Goblin Gram Sales Raise $2,430 for the Cystic Fibrosis Foundation
Elementary school students in Flower Mound offered a helping hand to a fellow classmate, and all of their North Texas neighbors suffering from cystic fibrosis (CF). A holiday fundraiser at Wellington Elementary in LISD brought in a hefty $2,430 contribution toward a cure.
“We are always amazed by the generosity of this community,” said Andrea Grubbs, CF special events coordinator and Flower Mound mother of three. “Our schools, clubs, PTAs, neighborhoods, churches and other community groups have made a tremendous difference in the fight to find a cure for this awful, life-threatening genetic disease.”
The Wellington Student Council sold Goblin Grams this October, with printed cards decorated with a piece of candy and a fun message. Students and faculty could buy a card for $1 and have it delivered to a friend during the school week. The response was incredible. Julie Johnson, a 5th grade teacher at Wellington, said that they didn’t realize how big the fundraiser would be, and the faculty and staff chipped in to help meet demand for the Goblin Grams.
“We didn’t want to miss a single opportunity to help kids with CF,” Johnson said.
When the Student Council presented a check to volunteers with the Cystic Fibrosis Foundation’s Northeast Texas chapter, the kids learned that 100 percent of proceeds benefit the foundation’s efforts to further research.

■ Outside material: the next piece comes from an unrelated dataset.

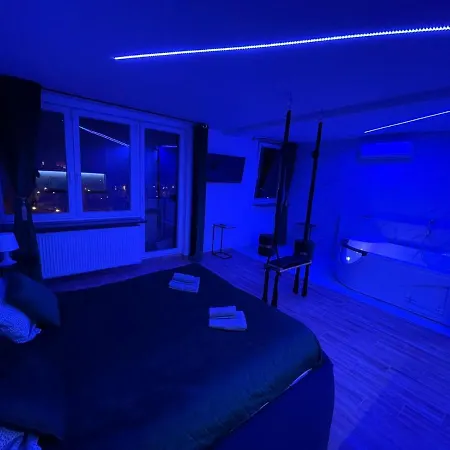 Yourapart Jacuzzi Przy Zamku Krolewskim Warsaw Exterior photo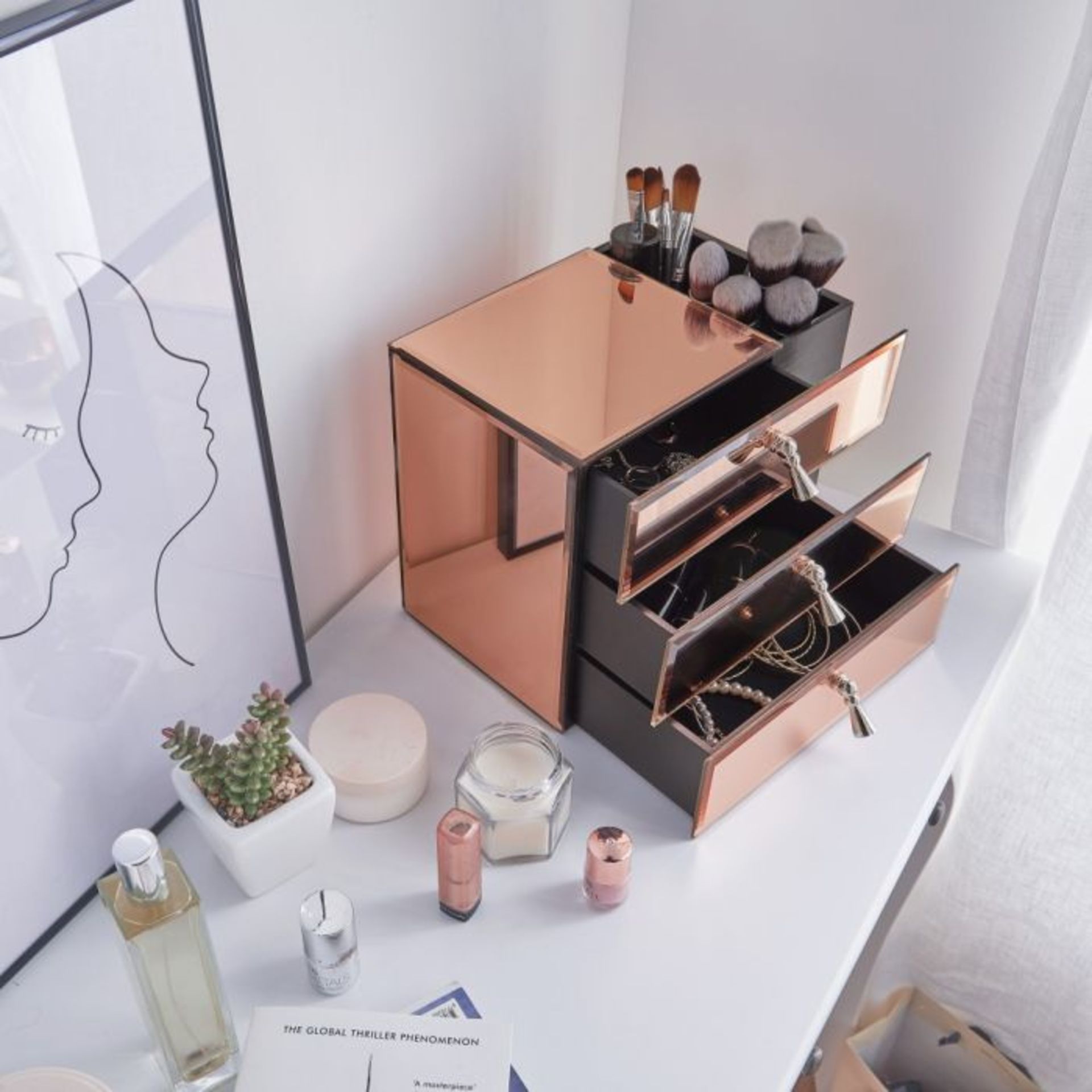 (V165) Rose Gold 3 Drawer Mirrored Jewellery Organiser. The perfect place to hide away clutter... - Image 3 of 4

The students were reminded that CF is a genetic disease that makes it hard to breathe. They asked questions about what it is like to live with CF.
“You know when you have a cold and need to clear your throat, but can’t?” asked Jill Welke, long-time volunteer and co-chair of the North Texas Wine Opener benefiting the CFF. “That’s what it feels like all the time when you have CF.”
Welke told the students that their contribution is so important because CF is an orphan disease. That means that because it only affects 30,000 people in this country, it doesn’t qualify for government funding or attract big pharmaceutical dollars.
Sophie Wickersham, a 5th grader and Student Council member, wants the families with CF to know how much she and her friends care about their struggle, and hopes that their gift makes a difference. “We know it is going to be hard for your family, and we want you to live a happy and healthy life.”
As recently as the 1950s, babies diagnosed with CF did not even live to start elementary school, and today there is hope for a cure in our lifetime. The average life expectancy for a baby born with CF has now risen to age 41.
For information on donations or holding a fundraiser for CF (school change drive, garage sale, lemonade stand, pizza party, birthday party, etc.), contact Andrea Grubbs at andrea.grubbs@me.com.
About Cystic Fibrosis
CF affects more than 30,000 children and adults in our country and 70,000 worldwide. The inherited defective gene causes the body to produce thick, sticky mucus which clogs the lungs and causes life-threatening infections. CF can also degrade the digestive system by obstructing the pancreas and preventing the body from producing natural enzymes that break down food for absorption. Many patients suffering from CF endure hours of physical therapy and dozens of medications every day just to fight infections and help their bodies absorb the nutrients they need to stay healthy. As of now, there is no cure for the disease.